As I was looking through the latest research, wondering what I was going to share with you next, I came across an interesting bit of information.

Apparently, depression is the second major risk factor for disease in this country.

But according to a new study, there may be a very simple way to curb that risk.

Researchers in Canada conducted a systematic review of 30 different studies and found even a little bit of physical activity can cut risk of depression in people of any age. The analysis looked at subjects from the age of 11 all the way up to 100 years old.

And it showed that as little as 2.5 hours of low intensity movement like walking could ward off depression.

Using data from the 7 studies that measured amounts of weekly physical activity participation, the researchers found that exercising more than 150 minutes per week was associated with a 19% to 27% decreased risk of developing depression.

Not that I’m surprised. Being active has so many benefits to our physical health. So the fact that it can boost mental health is only natural.

Interestingly, four of the studies showed that physically active women were less likely to develop depression than men. The researchers think this could be because of the way men and women exercise. (Women often participate the social aspects of physical activity through groups and classes. Whereas men are more likely to exercise alone.)

In another notable twist, even getting less than 150 minutes of physical activity was linked to a decrease in depression risk ranging from eight to 63 percent. (That’s compared to people who don’t get any exercise at all.)

I’d call that a pretty significant benefit for less than 20 minutes a day.

And still another study showed that more than 30 minutes of daily physical activity–the official recommendation–can reduce the odds of depression by as much as 48 percent.

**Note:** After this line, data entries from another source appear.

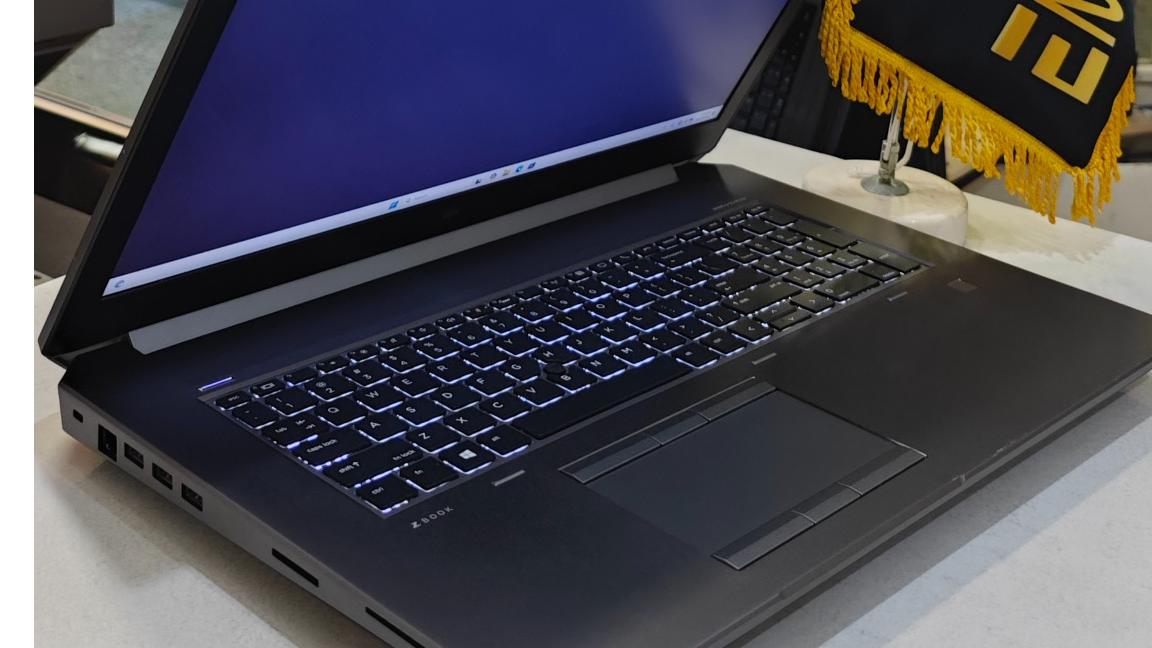 ورکاستیشن اچپی ZBook 17 i7 گرافیک6GB تمیز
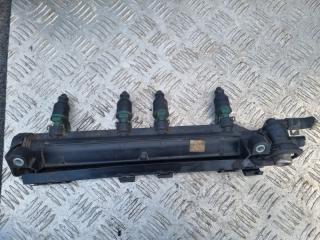 Запчасть топливная рампа Volkswagen Golf 2000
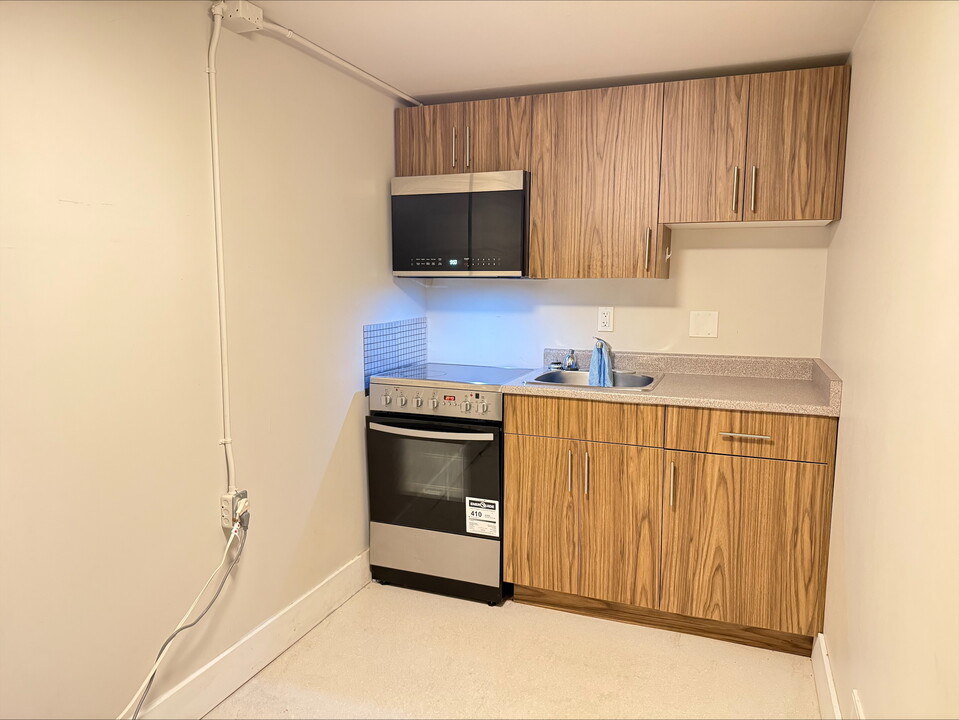 1500 Dogwood St in Campbell River, BC - Building Photo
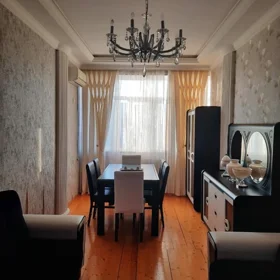 In Baku 75.0 m² apartment is for rent - Image 4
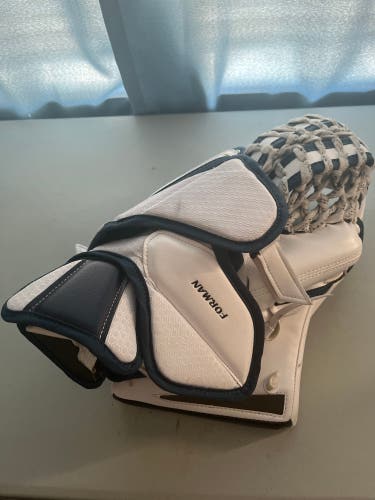 Bauer Hyperlite goalie glove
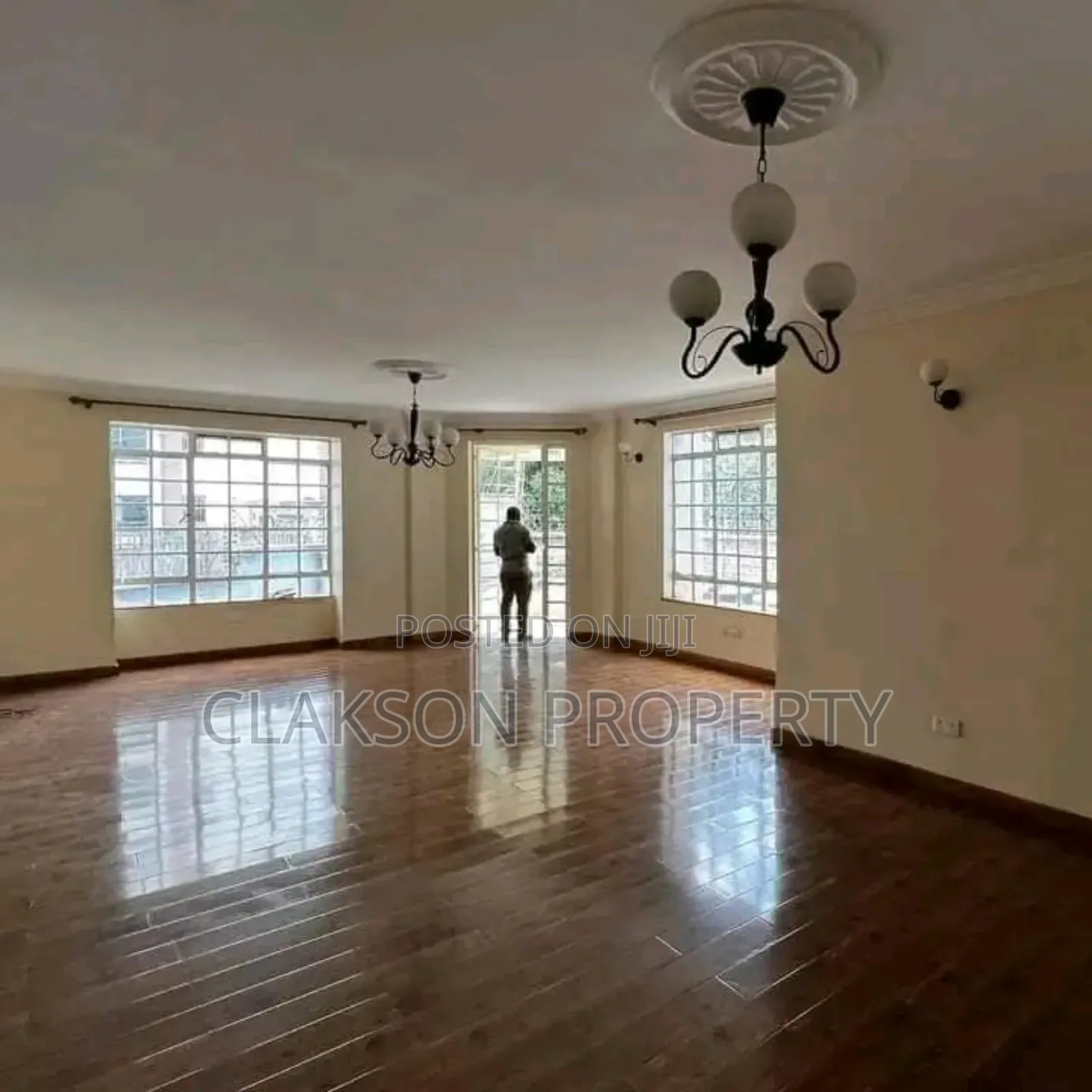 3-Bedroom Property in Lavington for Sale - Don't Miss Out! in Lavington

I’m sure you see where I’m going with all of this.

At the end of the day, exercise could be an incredibly effective public health strategy for fighting depression. And it might just help to curb this nation’s excessive reliance on anti-depressant medications.

So if you have any symptoms of depression (and honestly, who doesn’t at this time of the year?) physical activity is something safe and effective that you can do to boost your mood.

And it’s something that you should be doing, anyway.

So please just get up and take a walk. Every day. Especially now that the holidays are over, a simple after dinner stroll could be all you need to tide your mood over until spring.

Sources:
“Physical activity and the prevention of depression: a systematic review of prospective studies.” Am J Prev Med. 2013 Nov;45(5):649-57.
26th European College of Neuropsychopharmacology (ENCP) Congress.